Even worse, these mobile-hungry bots can’t seem to remember where they’ve been – they typically request the same resources repeatedly, and in multiple locations within the directory structure. I frequently see hundreds of these types of requests in my weekly error-log analyses. Needless to say, this is an incredible waste of time, bandwidth, and server resources.
It would be so nice..
So what’s the best solution? Well, obviously the ideal scenario would involve bots and scripts stopping this malicious behavior. Here are just a few ideas for confused bot masters:
- Stop programming your bots to “assume and guess.”
- Perform the crawl using a recognized “mobile” user-agent.
- Remember the results of your initial crawl to avoid repeat 404 requests.
Basically, the engineers programming this sort of behavior into their bots need to realize:
- If I take the time to setup a mobile site, rest assured that I’ll tell you where it’s located. Otherwise it doesn’t exist, so stop guessing.

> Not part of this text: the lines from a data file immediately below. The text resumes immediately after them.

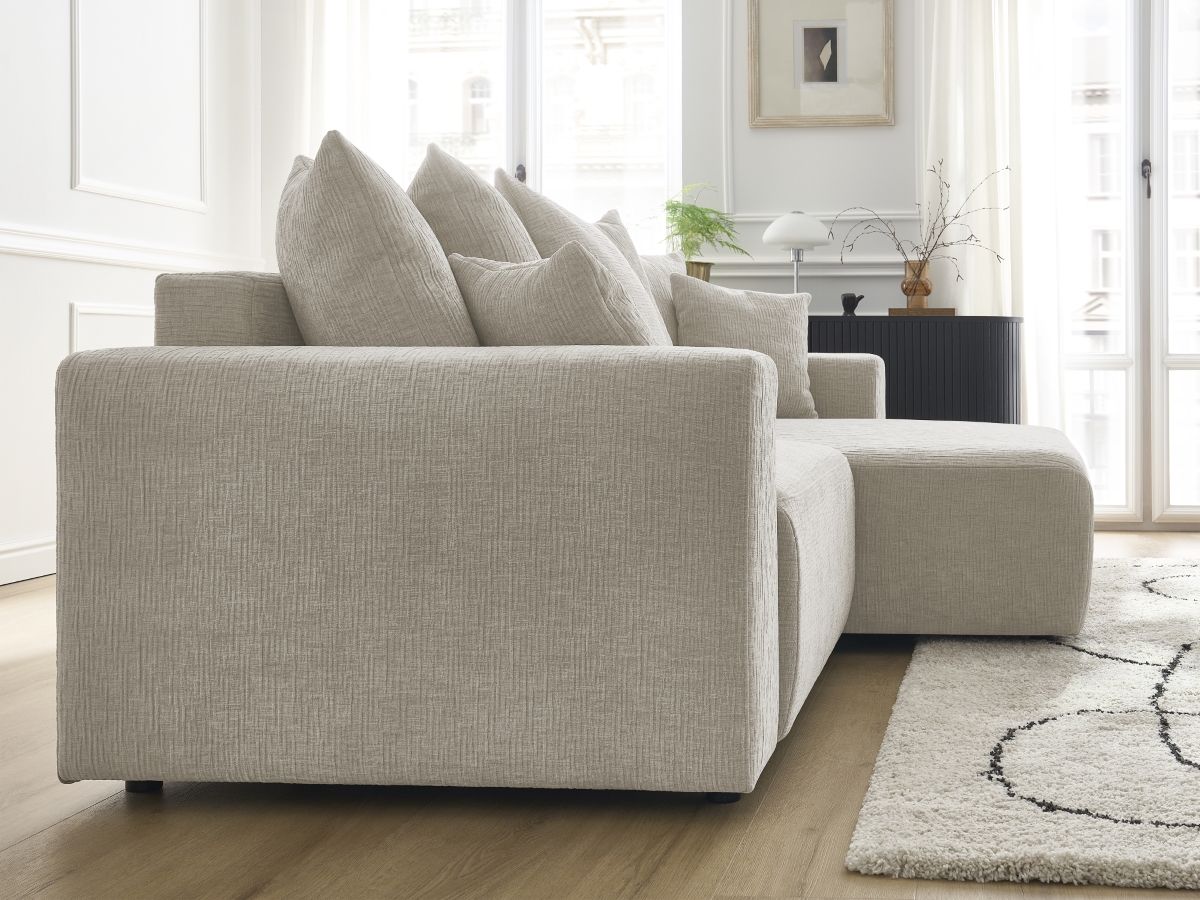 Bobochic Atilla Ecksofa mit Schlaffunktion und Bettkasten Strukturstoff Beige Ecke rechts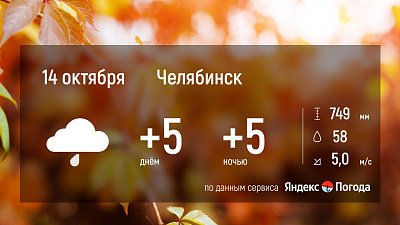 Прогноз погоды в Челябинской области на 14 октября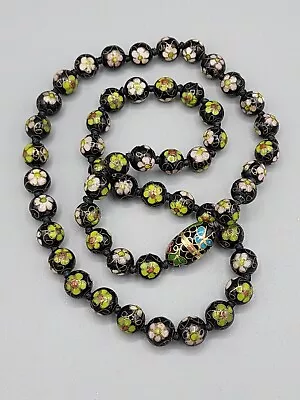 Vtg Cloisonne 21  Necklace Pink Green Black Enamel Floral Round Beads Knotted • $40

- From the server’s perspective, there is no difference between guessing for directories and scanning for exploits.
- By constantly scanning websites for nonexistent directories, you are wasting everyone’s time, money, and resources.

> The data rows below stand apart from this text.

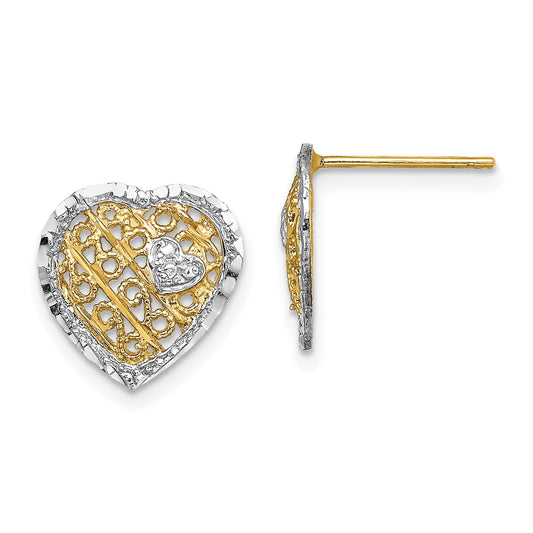 14k and White Rhodium Filigree Heart Post Earrings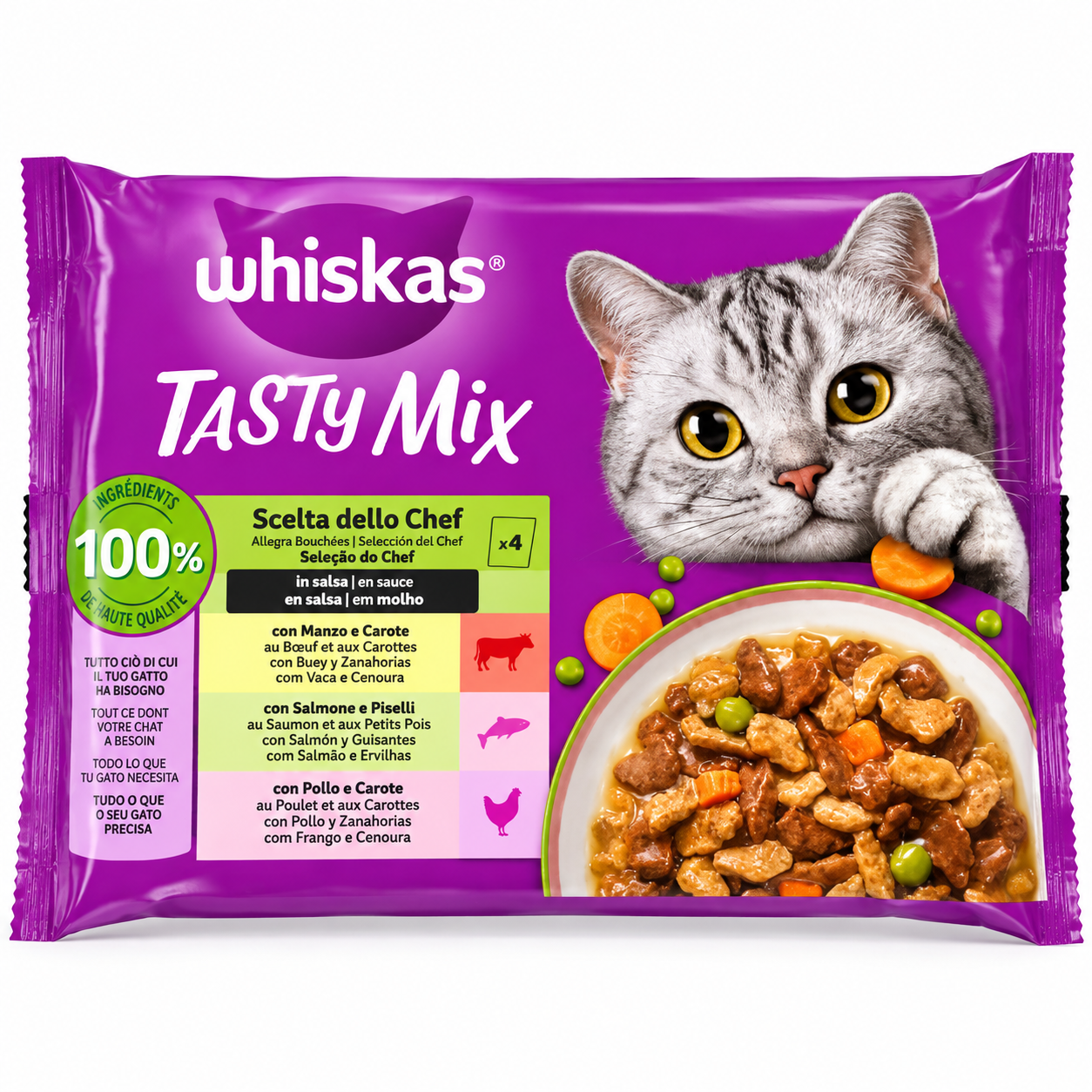 Whiskas Tasty Mix Sélection du Chef en sauce 4 × 85 g
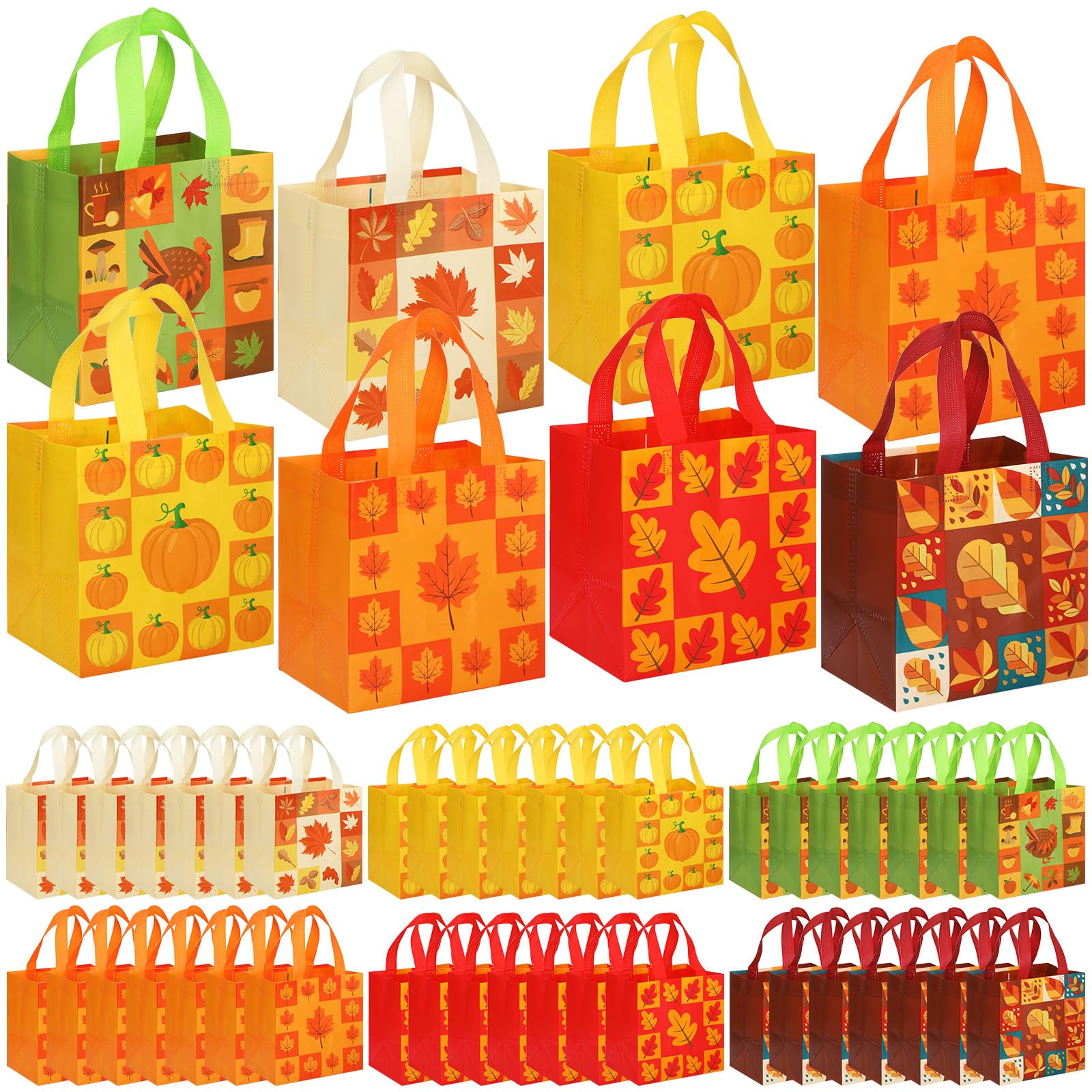 Sanwuta 48 Pcs Fall Non Woven Tote Bags Thanksgiving Party Bags with Handles Waterproof Autumn Treat Favor Bag Pumpkin Goodie Bag Gift Candy Bags Thanksgiving Party Favor Supplies (Simple Style)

Unfortunately, we both know that this sort of nefarious scumbaggery is not going to stop. So that means is up to us as administrators to protect against this sort of maliciousness and resolve the issue ourselves.
Robots.txt vs Bad Bots
In a perfect world, 404 errors don’t exist and all bots obey robots.txt directives. But it’s not, and something like this that should work, doesn’t work:
User-agent: *
Disallow: /*/iphone/$
Disallow: /*/iphone$
Disallow: /*/mobile/$
Disallow: /*/mobile$
Disallow: /*/mobi/$
Disallow: /*/mobi$
Disallow: /*/m/$
Disallow: /*/m$
Unfortunately, very few bots obey robots.txt
rules. Google does. Yahoo certainly doesn’t, and neither do other bad bots. It’s pretty much impossible to stop malicious requests using the robots.txt
file. Fortunately, it’s easy to do with a few lines of HTAccess.. ;)

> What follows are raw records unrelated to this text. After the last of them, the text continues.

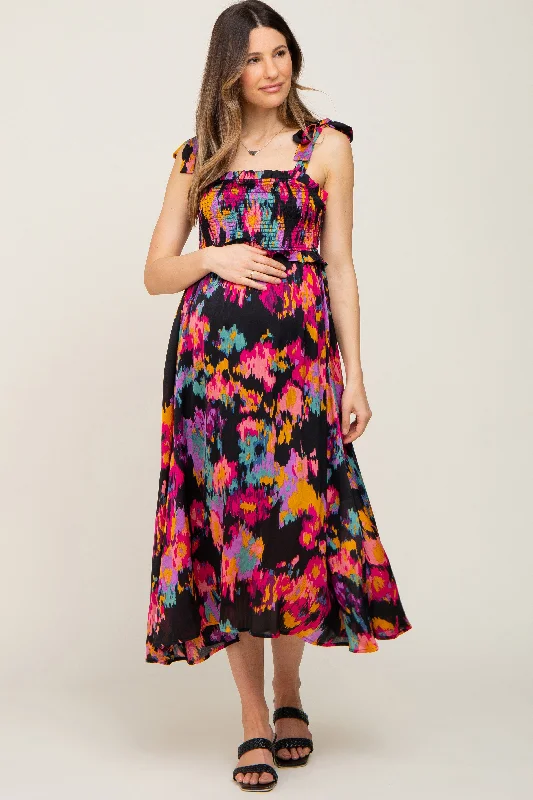 "Maxi dresses for women to wear in the fall"Black Printed Satin Smocked Maternity Midi Dress "Maxi dresses for women to wear in the fall"Black Printed Satin Smocked Maternity Midi Dress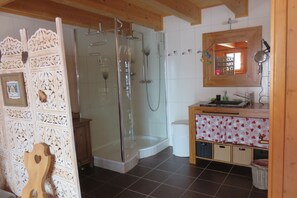 Combined shower/tub, hair dryer, towels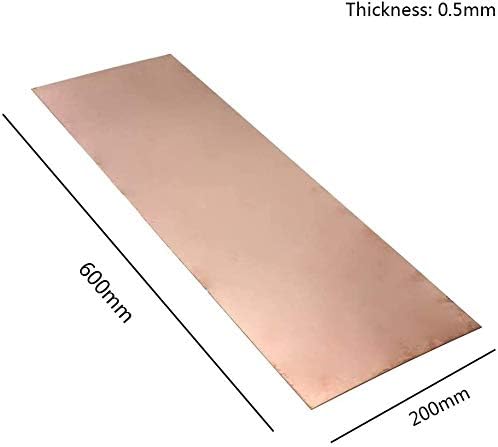 Месинг лист HUILUN Меден лист 0,5 мм 200 мм x 600 мм, От метал Отрязва месингови плочи на по-високо качество (Размер: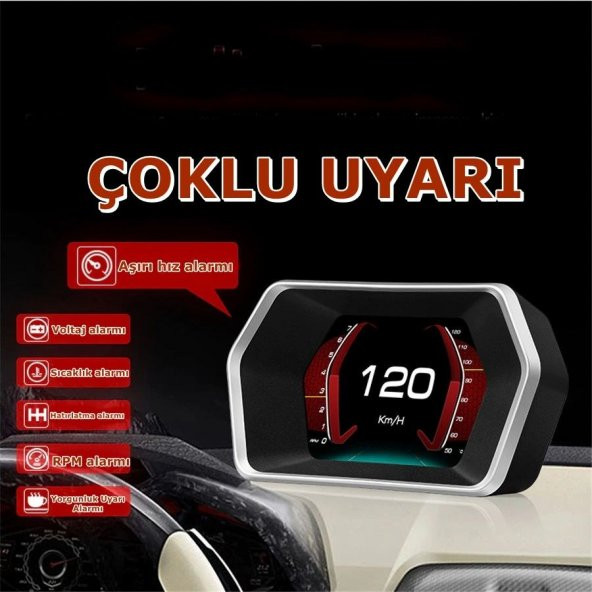 NKT GROUP  P17 Hud Head Up Display Obd ve Gps Destekli  Fonksiyon Araç Data Yansıtıcı Gösterge Ekran - 2
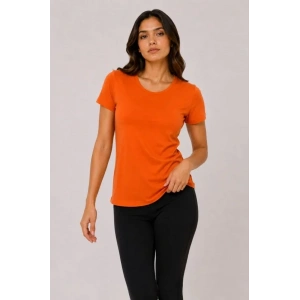 Basic Tişört Bisiklet Yaka Kısa Kol Günlük Yazlık Slim Fit T-Shirt - Turuncu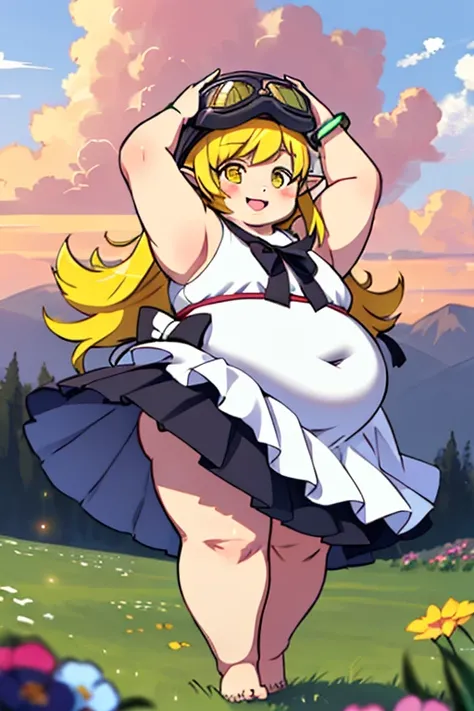 obese 1girl, solo, obese female, obese (oshino_shinobu),(blonde) (blonde_hair), (yellow_hair), ((long_hair)), ((bangs)), (yellow_eyes), blush, pointy_ears, (blush_stickers), flat_chest, obese loli, fat arms, fat belly, fat butt, thick thighs
white_dress, b...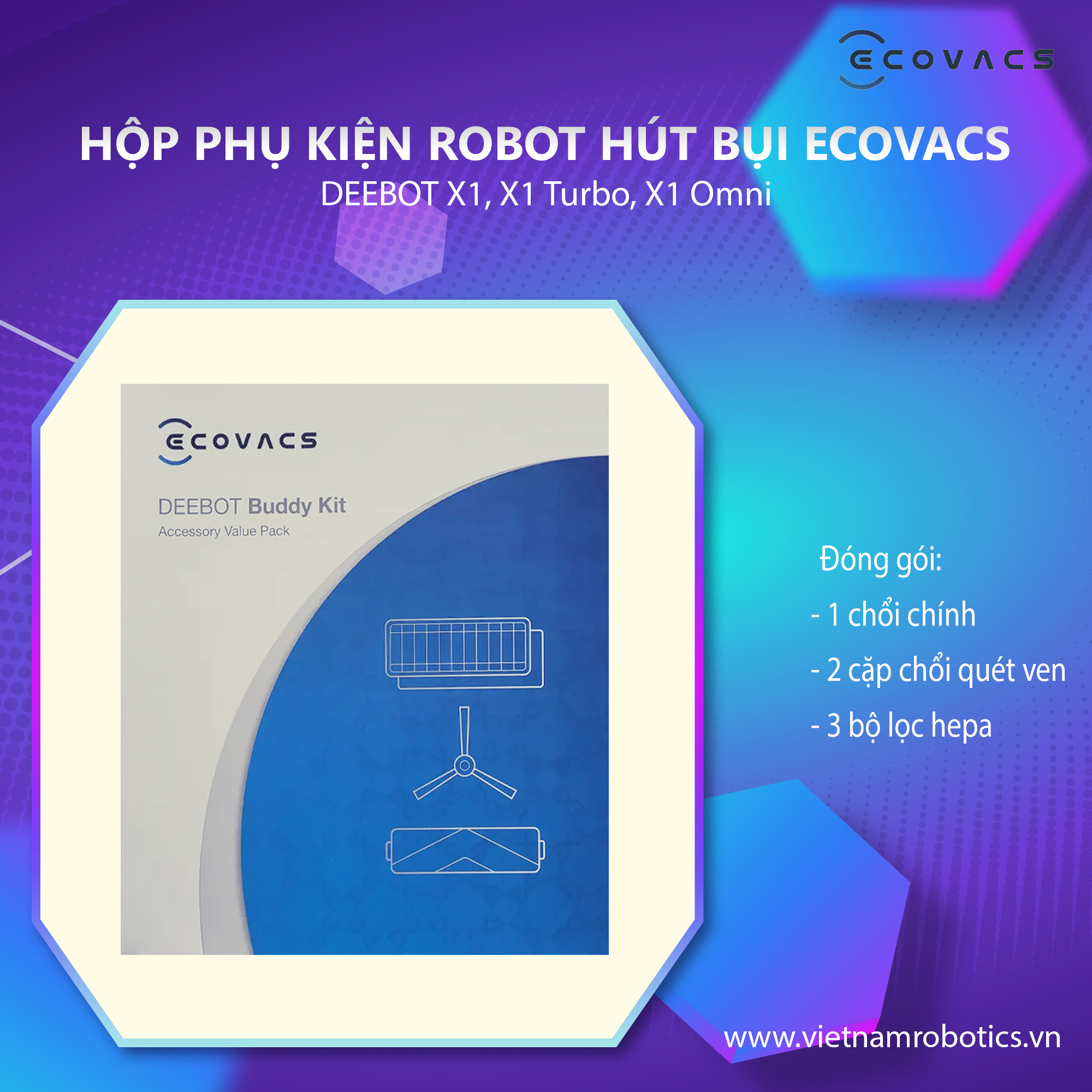 Hộp phụ kiện robot Dành Cho Ecovacs X1 omni / x1 turbo - Hàng chính hãng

How to resolve the “I’m a confused bot that can’t find your mobile site” problem
First of all, note that there are probably many ways of dealing with this nonsense. It doesn’t make sense to block IPs or user-agents because they are always changing and/or easily spoofed. But we can either block any requests for nonexistent “mobile-ish” resources, or else redirect such requests to a common location, such as the Home Page. Let’s examine both of these techniques – they are quite similar.
Deny all requests for non-existent mobile content
To use this technique, you’ll need access to your site’s root HTAccess file. In it, place the following code1:
# BLOCK 404 MOBILE REQUESTS
<ifmodule mod_rewrite.c>
RewriteCond %{REQUEST_URI} /iphone/?$ [NC,OR]
RewriteCond %{REQUEST_URI} /mobile/?$ [NC,OR]
RewriteCond %{REQUEST_URI} /mobi/?$ [NC,OR]
RewriteCond %{REQUEST_URI} /m/?$ [NC]
RewriteRule (.*) - [F,L]
</ifmodule>
Properly placed, this code will deny all requests for any of the following resources:
http://domain.tld/iphone
http://domain.tld/mobile
http://domain.tld/mobi
http://domain.tld/m
http://domain.tld/iphone/
http://domain.tld/mobile/
http://domain.tld/mobi/
http://domain.tld/m/
http://domain.tld/any/path/iphone
http://domain.tld/any/path/mobile
http://domain.tld/any/path/mobi
http://domain.tld/any/path/m
http://domain.tld/any/path/iphone/
http://domain.tld/any/path/mobile/
http://domain.tld/any/path/mobi/
http://domain.tld/any/path/m/
Basically the rules will match any request where /mobile
et al is included at the end of the requested URI. And it does not matter if the trailing slash is included or not. So if you would rather only match /mobile
et al when it occurs at the beginning of the request URI, we can modify the original rules like so:
RewriteCond %{REQUEST_URI} ^/iphone/?$ [NC,OR]
RewriteCond %{REQUEST_URI} ^/mobile/?$ [NC,OR]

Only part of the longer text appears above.